[Dataset excerpts]
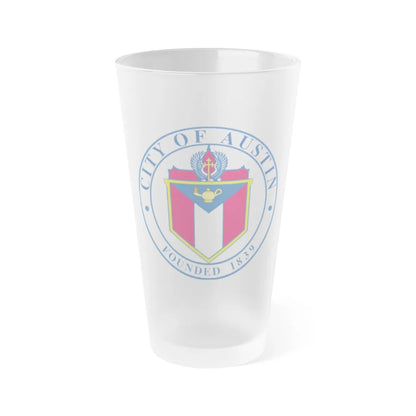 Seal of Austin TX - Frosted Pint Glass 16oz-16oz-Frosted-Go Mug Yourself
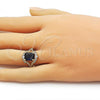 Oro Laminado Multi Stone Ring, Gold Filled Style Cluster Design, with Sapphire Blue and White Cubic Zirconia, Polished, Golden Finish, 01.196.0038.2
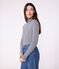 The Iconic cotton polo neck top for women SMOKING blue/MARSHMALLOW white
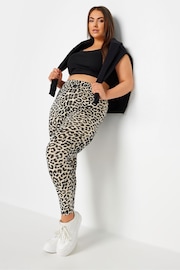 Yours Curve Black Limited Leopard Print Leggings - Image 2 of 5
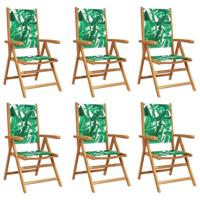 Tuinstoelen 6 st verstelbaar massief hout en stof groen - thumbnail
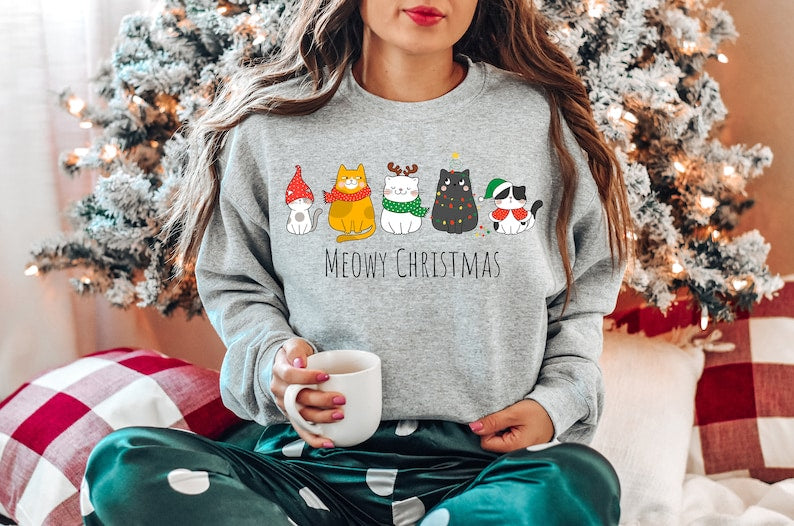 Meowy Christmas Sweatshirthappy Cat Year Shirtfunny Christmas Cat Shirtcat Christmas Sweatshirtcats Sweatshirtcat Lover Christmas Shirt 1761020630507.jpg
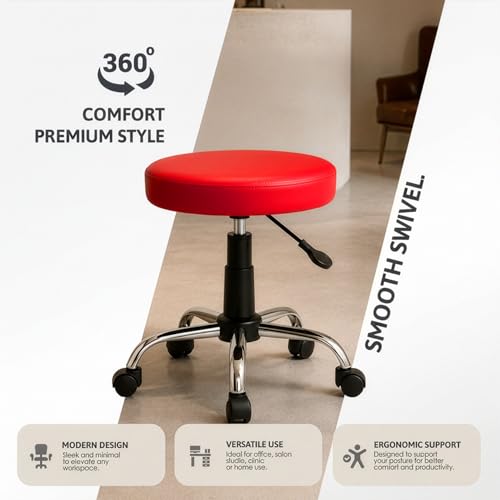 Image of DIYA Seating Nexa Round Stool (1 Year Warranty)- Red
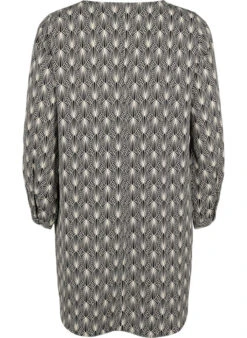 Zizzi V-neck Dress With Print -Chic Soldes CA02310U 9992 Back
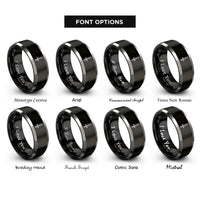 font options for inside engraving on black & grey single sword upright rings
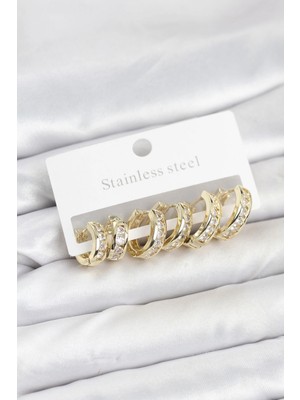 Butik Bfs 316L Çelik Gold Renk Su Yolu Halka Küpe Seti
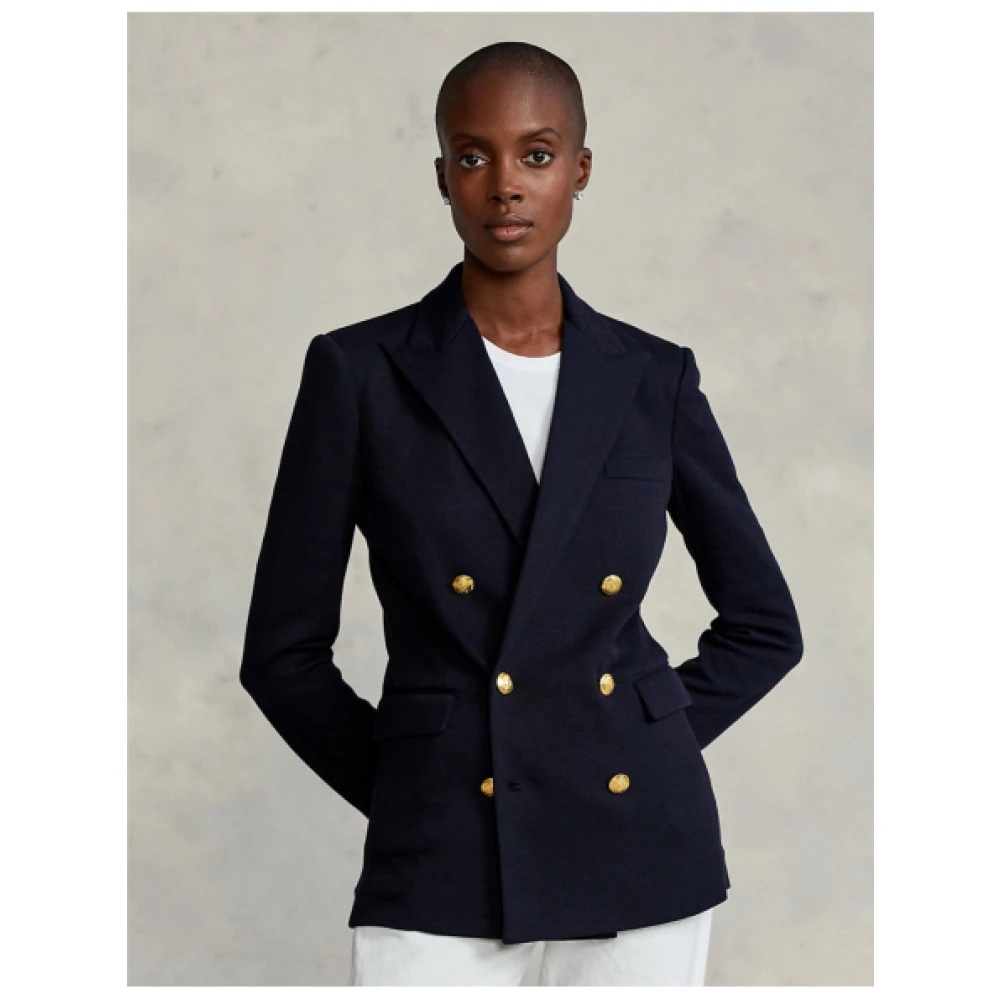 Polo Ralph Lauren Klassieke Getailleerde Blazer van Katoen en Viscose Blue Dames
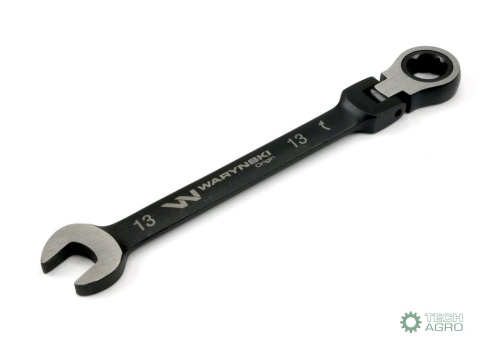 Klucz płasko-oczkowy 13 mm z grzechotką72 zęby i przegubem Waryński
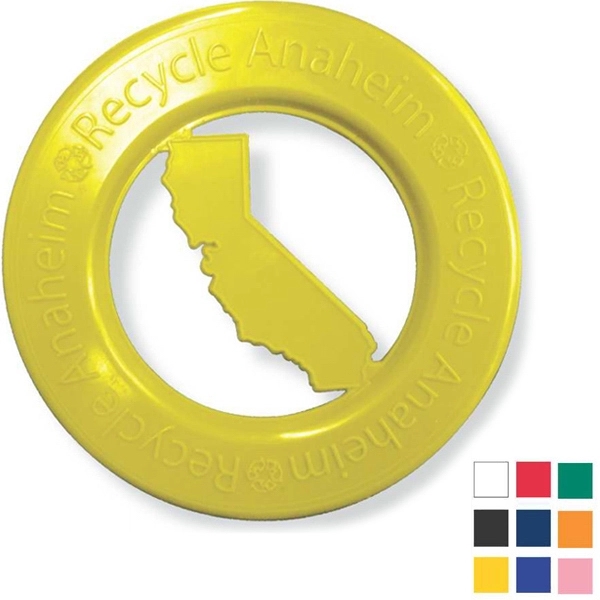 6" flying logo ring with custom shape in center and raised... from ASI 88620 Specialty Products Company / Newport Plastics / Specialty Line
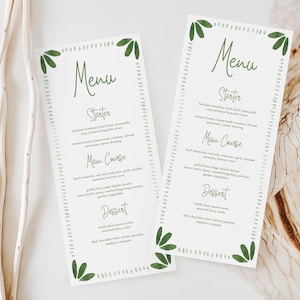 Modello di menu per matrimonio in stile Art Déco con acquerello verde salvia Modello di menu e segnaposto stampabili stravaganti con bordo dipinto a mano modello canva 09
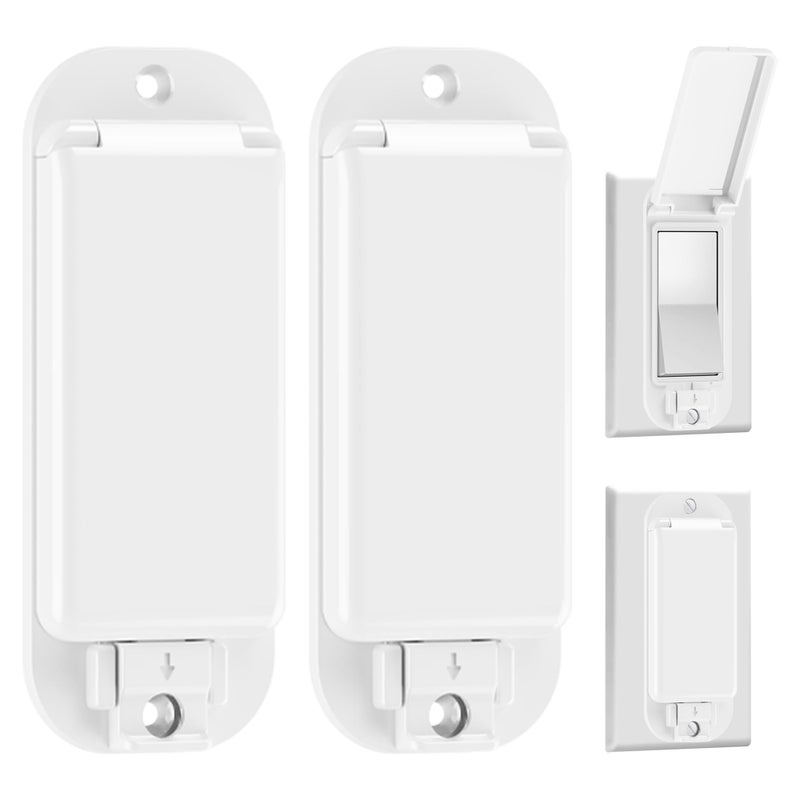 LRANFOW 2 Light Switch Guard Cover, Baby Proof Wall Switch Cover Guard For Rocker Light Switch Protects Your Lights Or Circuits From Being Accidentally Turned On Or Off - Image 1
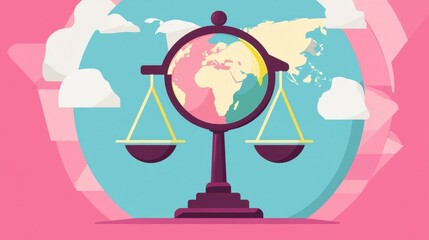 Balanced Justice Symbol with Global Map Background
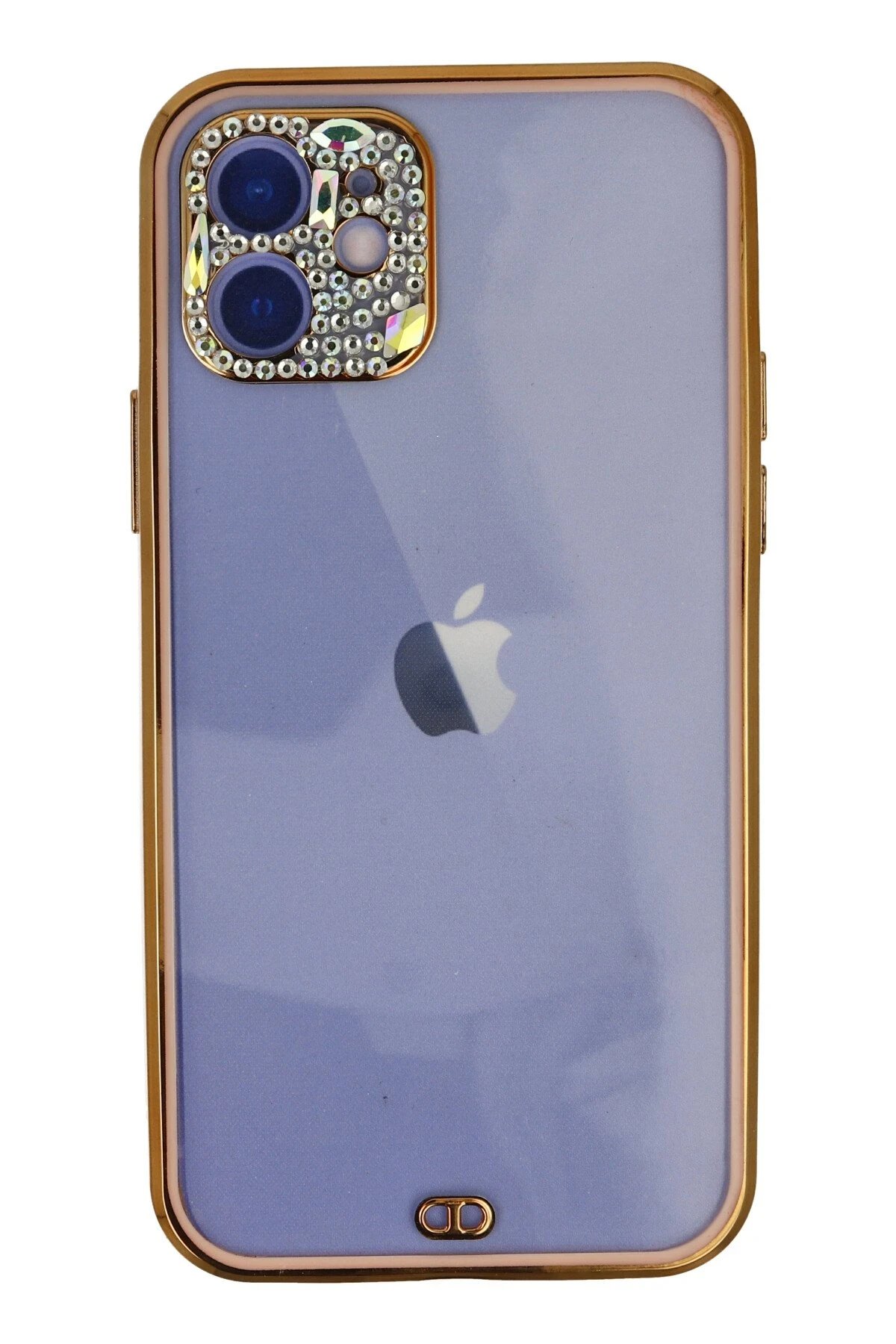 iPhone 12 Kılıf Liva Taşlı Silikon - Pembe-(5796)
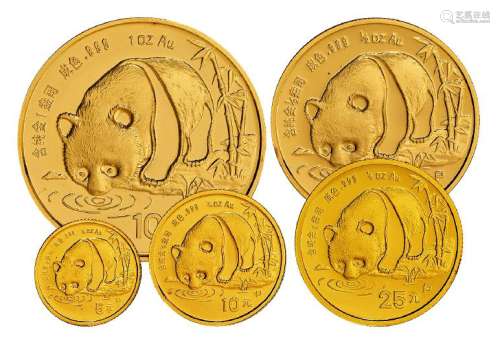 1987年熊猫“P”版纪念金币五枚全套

- _Your instructions_:
I would like you to set down the lines above, from the one containing "Tuinstoelen 6 st" to the final line, exactly as written and without pictures.

- _Solution below_:
 Tuinstoelen 6 st verstelbaar massief hout en stof groen - thumbnail
 Meowy Christmas Sweatshirthappy Cat Year Shirtfunny Christmas Cat Shirtcat Christmas Sweatshirtcats Sweatshirtcat Lover Christmas Shirt 1761020630507.jpg
 Image of DIYA Seating Nexa Round Stool (1 Year Warranty)- Red
 Zizzi V-neck Dress With Print -Chic Soldes CA02310U 9992 Back
 font options for inside engraving on black & grey single sword upright rings
 Butik Bfs 316L Çelik Gold Renk Su Yolu Halka Küpe Seti
 Polo Ralph Lauren Klassieke Getailleerde Blazer van Katoen en Viscose Blue Dames
 Klucz płasko-oczkowy 13 mm z grzechotką72 zęby i przegubem Waryński
 6" flying logo ring with custom shape in center and raised... from ASI 88620 Specialty Products Company / Newport Plastics / Specialty Line
 Modello di menu per matrimonio in stile Art Déco con acquerello verde salvia Modello di menu e segnaposto stampabili stravaganti con bordo dipinto a mano modello canva 09
 LRANFOW 2 Light Switch Guard Cover, Baby Proof Wall Switch Cover Guard For Rocker Light Switch Protects Your Lights Or Circuits From Being Accidentally Turned On Or Off - Image 1
 Balanced Justice Symbol with Global Map Background
 iPhone 12 Kılıf Liva Taşlı Silikon - Pembe-(5796)
 1987年熊猫“P”版纪念金币五枚全套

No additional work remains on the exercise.